Learning XML

XSL and XSL Transformations (XSLT)

Getting Started

by Richard G. Baldwin
baldwin.richard@iname.com

File Xml000550.htm

June 10, 2000


Preface

I have authored numerous online articles on XML.  These articles cover the waterfront from introductory topics to advanced topics.

I maintain a consolidated index of hyperlinks to all of my XML articles at my personal website so that you can access earlier articles from there.

Rendering XML documents

As of this writing, Microsoft IE5 is the only widely-used web browser that has the ability to render XML documents.

IE5 can render XML documents using either CSS (see my personal website) or XSL.  This is one in a series of articles that discuss the use of XSL for the rendering of XML documents, with particular emphasis on the use of IE5 for that purpose.

Introduction

What is the W3C?

According to one well known author, "The W3C is a consortium, a gathering place where organizations can meet and work together without the appearance of antitrust problems."

I wrote an article addressing this question late in 1999.  You can view that article at my personal website if you would like to know more about the W3C.

For purposes of this article, the W3C is a governing body that has published many important documents on XSL and XSLT, two of which will be referred to shortly.

What is XSL?

XSL is an acronym for Extensible Stylesheet Language.

According to the W3C,
 
XSL is a language for expressing stylesheets. It consists of two parts:

1. A language for transforming XML documents, and

2. An XML vocabulary for specifying formatting semantics.

An XSL stylesheet specifies the presentation of a class of XML documents by describing how an instance of the class is transformed into an XML document that uses the formatting vocabulary.

A working draft

As of March 2000, the XSL document is classified as a working draft, so we need to be aware that things could change in the future.

Why Do We Need XSL?

As you are probably aware by now, one of the primary virtues of XML is the ability to separate content from presentation.

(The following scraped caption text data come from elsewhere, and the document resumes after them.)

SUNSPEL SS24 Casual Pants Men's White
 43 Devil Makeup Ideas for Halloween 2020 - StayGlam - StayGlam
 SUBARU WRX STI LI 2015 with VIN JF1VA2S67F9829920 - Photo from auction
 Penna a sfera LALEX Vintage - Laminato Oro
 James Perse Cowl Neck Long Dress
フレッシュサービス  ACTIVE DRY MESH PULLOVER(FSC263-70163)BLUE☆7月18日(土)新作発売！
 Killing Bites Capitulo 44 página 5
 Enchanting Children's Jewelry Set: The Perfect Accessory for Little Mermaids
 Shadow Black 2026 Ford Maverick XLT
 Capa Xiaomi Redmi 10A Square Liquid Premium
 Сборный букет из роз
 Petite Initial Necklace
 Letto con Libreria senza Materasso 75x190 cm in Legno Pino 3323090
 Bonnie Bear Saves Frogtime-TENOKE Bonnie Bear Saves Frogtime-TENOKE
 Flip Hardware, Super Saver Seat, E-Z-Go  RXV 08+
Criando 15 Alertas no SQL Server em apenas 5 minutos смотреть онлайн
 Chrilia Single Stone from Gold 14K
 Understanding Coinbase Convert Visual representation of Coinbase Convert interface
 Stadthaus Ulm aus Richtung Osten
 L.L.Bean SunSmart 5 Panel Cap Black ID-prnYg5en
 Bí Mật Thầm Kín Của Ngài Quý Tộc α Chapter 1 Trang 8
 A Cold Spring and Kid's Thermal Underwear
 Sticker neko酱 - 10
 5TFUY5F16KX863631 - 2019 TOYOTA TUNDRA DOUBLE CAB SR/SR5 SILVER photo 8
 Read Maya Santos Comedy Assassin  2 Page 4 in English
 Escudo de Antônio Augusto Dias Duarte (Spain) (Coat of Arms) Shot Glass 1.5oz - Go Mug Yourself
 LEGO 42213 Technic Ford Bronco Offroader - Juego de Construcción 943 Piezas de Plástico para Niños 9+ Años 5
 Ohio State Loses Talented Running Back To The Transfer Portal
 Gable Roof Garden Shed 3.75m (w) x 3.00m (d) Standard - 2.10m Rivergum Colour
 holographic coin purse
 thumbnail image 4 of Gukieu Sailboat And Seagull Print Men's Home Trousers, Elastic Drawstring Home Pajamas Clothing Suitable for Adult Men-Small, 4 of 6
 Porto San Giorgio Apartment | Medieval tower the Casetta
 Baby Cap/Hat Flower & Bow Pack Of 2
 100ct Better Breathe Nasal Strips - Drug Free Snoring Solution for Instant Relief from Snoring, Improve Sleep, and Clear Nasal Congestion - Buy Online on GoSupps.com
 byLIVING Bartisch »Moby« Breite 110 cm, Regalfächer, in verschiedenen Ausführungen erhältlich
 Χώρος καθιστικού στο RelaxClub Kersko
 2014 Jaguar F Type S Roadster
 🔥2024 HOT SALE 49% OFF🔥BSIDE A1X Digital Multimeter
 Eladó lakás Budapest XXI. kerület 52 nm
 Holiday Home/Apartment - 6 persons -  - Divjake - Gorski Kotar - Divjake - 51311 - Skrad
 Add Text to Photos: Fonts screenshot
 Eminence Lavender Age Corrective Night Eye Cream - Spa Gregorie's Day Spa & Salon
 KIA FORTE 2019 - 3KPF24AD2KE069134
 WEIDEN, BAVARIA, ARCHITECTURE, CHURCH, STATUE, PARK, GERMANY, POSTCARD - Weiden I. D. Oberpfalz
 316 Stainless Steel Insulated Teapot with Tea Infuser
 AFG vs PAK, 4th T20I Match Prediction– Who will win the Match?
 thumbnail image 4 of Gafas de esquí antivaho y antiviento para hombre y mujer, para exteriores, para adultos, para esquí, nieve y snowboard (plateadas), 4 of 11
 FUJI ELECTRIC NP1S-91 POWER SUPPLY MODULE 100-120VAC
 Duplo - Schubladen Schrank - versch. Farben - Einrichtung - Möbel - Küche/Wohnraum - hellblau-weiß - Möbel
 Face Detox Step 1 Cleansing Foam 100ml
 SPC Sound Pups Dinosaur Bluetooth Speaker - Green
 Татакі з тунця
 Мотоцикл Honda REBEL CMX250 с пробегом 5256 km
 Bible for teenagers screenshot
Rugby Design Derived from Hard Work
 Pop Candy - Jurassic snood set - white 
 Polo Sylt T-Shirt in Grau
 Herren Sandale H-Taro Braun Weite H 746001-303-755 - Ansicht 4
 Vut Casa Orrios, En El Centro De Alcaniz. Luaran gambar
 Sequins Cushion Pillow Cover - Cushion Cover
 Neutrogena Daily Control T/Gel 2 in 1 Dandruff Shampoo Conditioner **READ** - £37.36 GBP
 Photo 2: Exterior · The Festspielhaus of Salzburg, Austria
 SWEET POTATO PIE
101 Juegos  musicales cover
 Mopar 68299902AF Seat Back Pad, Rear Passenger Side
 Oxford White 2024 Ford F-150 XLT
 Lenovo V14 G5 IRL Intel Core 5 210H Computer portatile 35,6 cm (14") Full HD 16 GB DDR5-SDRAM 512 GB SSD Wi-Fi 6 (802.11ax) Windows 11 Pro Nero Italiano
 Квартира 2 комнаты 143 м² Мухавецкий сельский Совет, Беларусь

Separating content from presentation

In other words, an XML document contains structured information, but does not provide any hints as to how that information should be rendered for the benefit of a consumer.

An example

For example, if the information happens to be the daily news, there are at least two desirable ways to render the information:

Same news, different renderings

The two different renderings of the same information are likely to be very different.  For example, the online version is likely to make extensive use of color.  However, due to the cost of printing color, the printed version is likely to make minimal use of color.

I wish printed newspapers could have hyperlinks

The printed version is likely to have statements such as "continued on page 5" (don't you just hate that) at the bottom of the columns.   (Then you have an opportunity to drag the bottom of the newspaper through your oatmeal as you manually turn it to a different page.)

Online newspapers do have hyperlinks

The online version for a particular news story may not be broken into different sections.  If it is broken into different sections, they will likely be connected with hyperlinks making navigation easy.

Actually, the online newspapers that I read do break a story into different sections.  One is usually a summary and other is  usually the full story, and the two are connected using hyperlinks.

What is XSLT?

XSLT is an acronym for XSL Transformations.

According to the W3C,
 
This specification defines the syntax and semantics of XSLT, which is a language for transforming XML documents into other XML documents.

XSLT is designed for use as part of XSL, which is a stylesheet language for XML. In addition to XSLT, XSL
includes an XML vocabulary for specifying formatting. XSL specifies the styling of an XML document by using XSLT to describe how the document is transformed into another XML document that uses the formatting vocabulary.

XSLT is also designed to be used independently of XSL. However, XSLT is not intended as a completely general-purpose XML transformation language. Rather it is designed primarily for the kinds of transformations that are needed when XSLT is used as part of XSL.

This is a recommendation from W3C

As of November, 1999, this document is classified as a recommendation by the W3C.  This means that "It is a stable document and may be used as reference material or cited as a normative reference from other documents."

Transforming XML to other formats

Because an HTML document can be represented as an XML document, XSLT can be used to transform XML documents into HTML documents.

Suitable for rendering in a Web browser

This makes it possible to render the information contained in an XML document using a common HTML Web browser.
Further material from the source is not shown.